Sejumlah PTN Jajaki Kebijakan Kampus Merdeka

M Nasih

Unair Rancang Kurikulum Multidisplin Ilmu, Unesa Memulai di Tahun 2019
Surabaya, Bhirawa
Usai mengeluarkan kebijakan ‘Merdeka Belajar’ bagi SD, SMP dan SMA. Kini, Menteri Pendidikan dan Kebudayaan (Mendikbu) Nadiem Makarim juga keluarkan kebijakan baru bagi Perguruan Tinggi (PT). Yakni kebijakan ‘Kampus Merdeka’ yang merupakan tindak lanjut dari konsep ‘Merdeka Belajar’.
Tercatat ada empat pokok kebijakan. Diantaranya otonomi pembukaan program studi baru, reakreditasi otomatis dan sukarela, mahasiswa bebas belajar tiga semester diluar program studi dan permudah syarat PTN-BH (Perguruan Tinggi Negeri Berbadan Hukum).
Terkait hal itu, Rektor Universitas Airlangga (Unair), Prof Mohammad Nasih memberikan tanggapannya. Menurutnya, wacana kebijakan reakreditasi otomatis dan sukarela merupakan hal yang wajar. Terlebih bagi fakultas dan program studi yang sudah siap.

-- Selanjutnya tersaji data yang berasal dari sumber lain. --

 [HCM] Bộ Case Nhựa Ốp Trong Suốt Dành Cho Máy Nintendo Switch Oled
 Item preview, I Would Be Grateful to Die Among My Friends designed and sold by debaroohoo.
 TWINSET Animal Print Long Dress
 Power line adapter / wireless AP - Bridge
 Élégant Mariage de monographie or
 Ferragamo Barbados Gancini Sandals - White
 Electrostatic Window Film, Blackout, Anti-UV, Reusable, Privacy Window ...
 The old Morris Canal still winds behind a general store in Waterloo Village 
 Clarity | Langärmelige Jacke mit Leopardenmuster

“Bahkan program studi yang sudah terakreditasi internasional oleh beberapa orang lembaga, akan ditingkatkan akreditasi internasional dengan lembaga lain yang belum dijajaki. Jadi ini menjadi salah satu hal penting yang sudah dilakukan untuk mendukung kebijakan yang baru,” ujar dia.

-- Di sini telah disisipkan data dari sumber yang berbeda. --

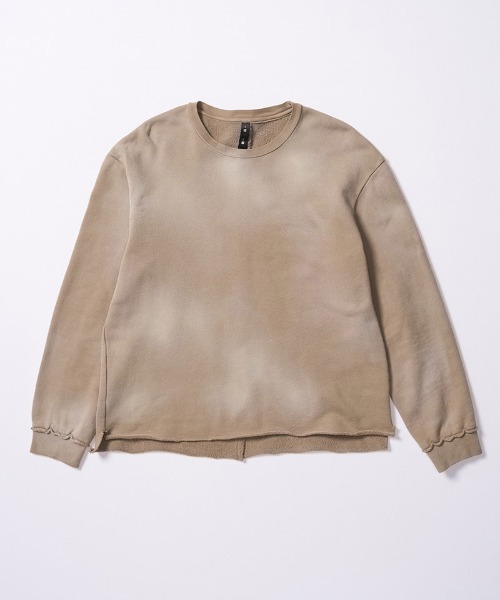 wjk(ダヴルジェイケイ)の「msw1865- fade cut-off sweatshirt スウェット(7136 mj84j)(スウェット・メンズ・ベージュ/ネイビー/ブラック・S/M/L/XL)」の21枚目の写真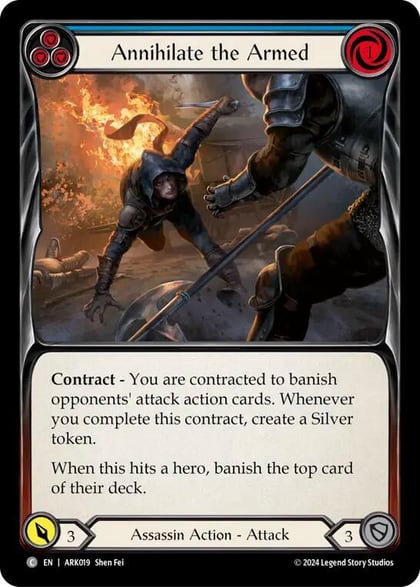 Annihilate the Armed (Blue), Blitz Deck: The Hunted - Arakni ARK019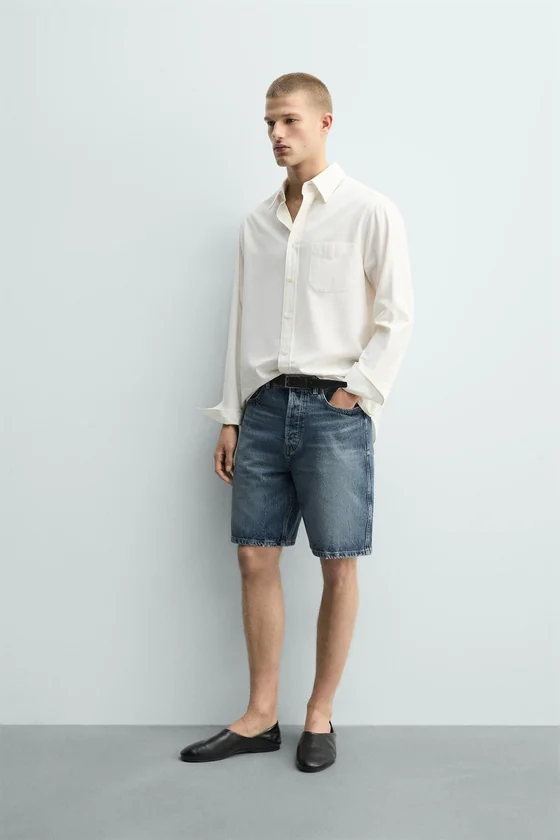 ДЖИНСОВЫЕ БЕРМУДЫ прямого кроя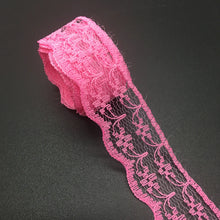 Load image into Gallery viewer, 3/4&quot; 20mm Wide (10yards/lot) Handicrafts Embroidered Net Lace Trim Ribbon DIY Wedding/Birthday/Christmas Decorations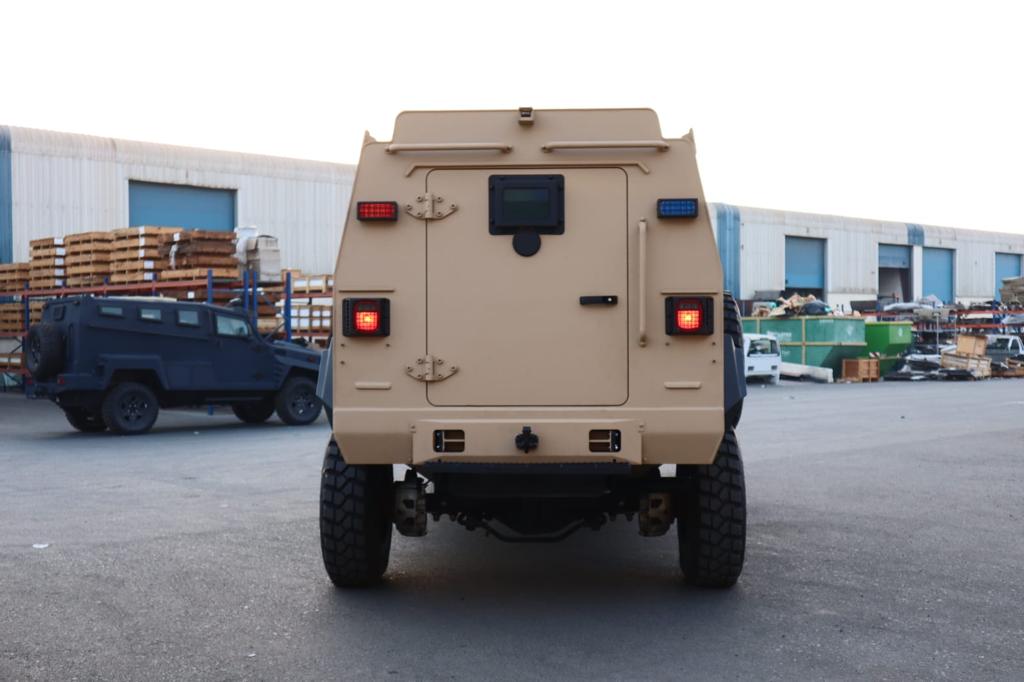 APC Jasar rear view with lights on and protected carrier body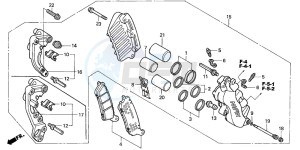 NSS250 JAZZ drawing FRONT BRAKE CALIPER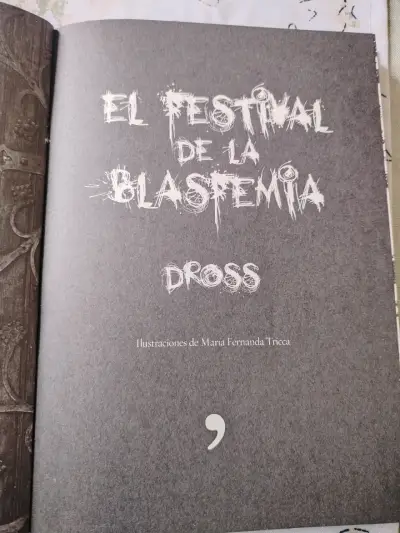 Libro 'Festival de la Blasfemia' de Dross - miniatura 2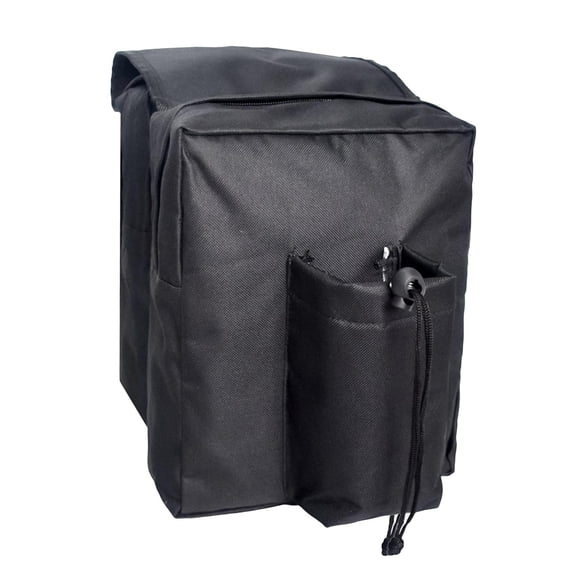 Wzmzjy ATV UTV Tank Top Saddle Bag Motorcycle Storage Rear Pack Bag Multi-Function Black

Selain itu, kedepan Unair juga akan merancang kebijkan terkait perumusan kurikulum lintas multidisiplin. Di mana mahasiswa ilmu sosial, misalnya, bisa juga belajar ilmu eksakta. ”Dan mahasiswa ilmu eksak juga bisa mengerti ilmu sosial,” tambah dia.
Sementara itu, salah satu wujud nyata yang rencananya akan dilakukan Unair adalah adanya mata kuliah berbasis digital dan program magang di luar negeri atau pertukaran pelajar yang akan menggantikan tugas akhir. Dengan catatan, mahasiswa sudah mengambil semua mata kuliah wajib selama masa perkuliahan. Dan sudah memenuhi syarat dan ketentuan yang berlaku.

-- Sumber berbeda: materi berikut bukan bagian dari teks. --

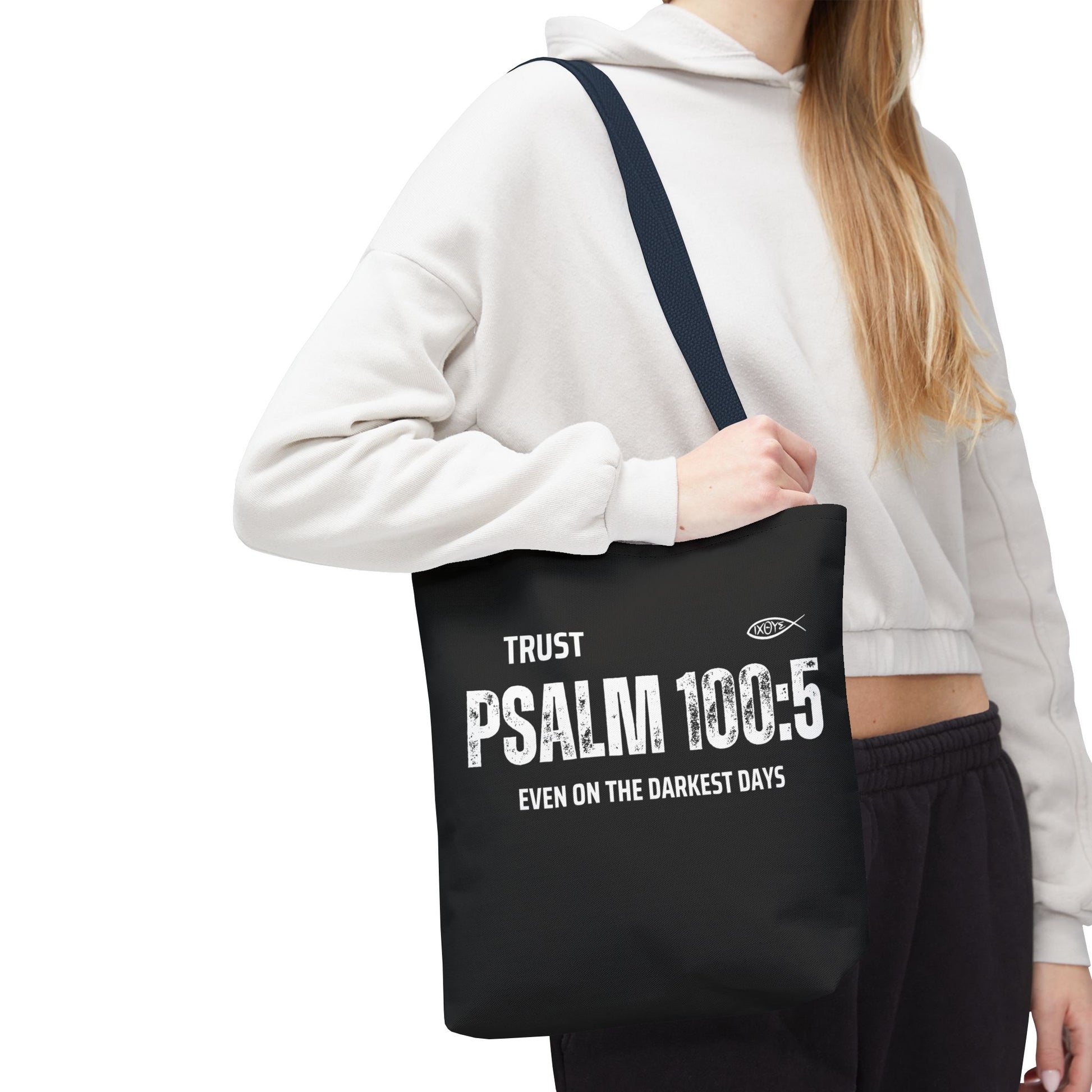 Trust Psalm 100:5 Inspirational Tote Bag, Motivational Shopping Bag, Faith-Based Gift, Christian Bag, Everyday Use Tote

“Mahasiswa bisa belajar tanpa adanya ruang dan waktu. Dan itu lebih terlihat flkesibel. Namun kebijakan itu jangan diartikan bebas sebebas – bebasnya. Mahasiswa wajib mengikuti peraturan dari kampus yaitu teratur dan kompeten,” tandasnya.
Kebijakan ‘Kampus Merdeka’ utamanya terkait mahasiswa bebas belajar tiga semester di luar program studi rupanya sudah dimulai Universitas Negeri Surabaya (Unesa). Dikatakan Wakil Rektor (Warek) I Unesa, Prof Bambang Yulianto juga menjelaskan, sebelum kebijakan yang dicetuskan Mendikbud keluar, pihaknya sudah lebih dulu menggagas konsep kurikulum di Unesa.
“Jadi kebijakan tahun ini mahasiswa boleh mengambil mata kuliah di luar prodi, fakultas atau universitas luar yang kita ada kerjasamanya. Kami menyebutnya kurikulum mayor dan minor. Hanya saja konsep kurikulum kami berlaku 40 SKS. Sedangkan yang digagas Mendikbud sampai semester III,” urainya.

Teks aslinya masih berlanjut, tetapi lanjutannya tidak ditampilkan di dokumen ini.